Last fall, the Red River in Winnipeg rose 14 feet above the winter ice level. The highest ice level ever recorded in the fall since Environment Canada’s records began in 1970.

“One day alone like I had about six to eight feet just drop into the river,” said Dick, referring to his river bank.

When Dick and his neighbours realized they’d have to restore the riverbank, they reached out to the city and the province for financial help but were told it wasn’t the government’s responsibility.

Dick and several other neighbours are banding together to cover the cost of restoring their river banks, but it’s not cheap.

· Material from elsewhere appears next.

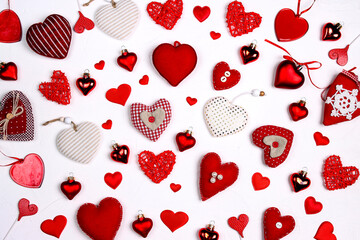 Wall Mural - Many different hearts on a white background.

“We’re into it, I would say around a million dollars,” said Dick. “We already know it’s going to be touching a million, and it may be more.”

Norm Van Elslander lives next door to Dick and has resided on Dunkirk Drive for 55 years. When he was told he’d be on the hook for the cost of repairing the riverbank, it didn’t sit well with him.

“You’ve done St. Vital Park, and you’ve built a nice big beautiful boat ramp.” Said Van Elslander. “You’ve done all of Kingston Row, and you’ve done Kingston Crescent. What the hell are we on, an island?”

Van Elslander said he’s already lost 40 to 50 feet of his backyard, and his underground sprinkler system.

In a statement to CTV News, the City of Winnipeg said:

“The city does not have council-approved funding for riverbank restoration on privately owned land.”

Construction continues on Dick and Van Elslander’s riverbank, but the experience has Van Elslander questioning if he wants to stay at all.

“When it keeps on caving in, you lose all the trees, you lose all the bank, you lose all the route system. I might as well live across the street.” Said Van Elslander.

The neighbours said construction will continue for another three weeks.

They have to finish before the weather warms up, and the river starts flowing.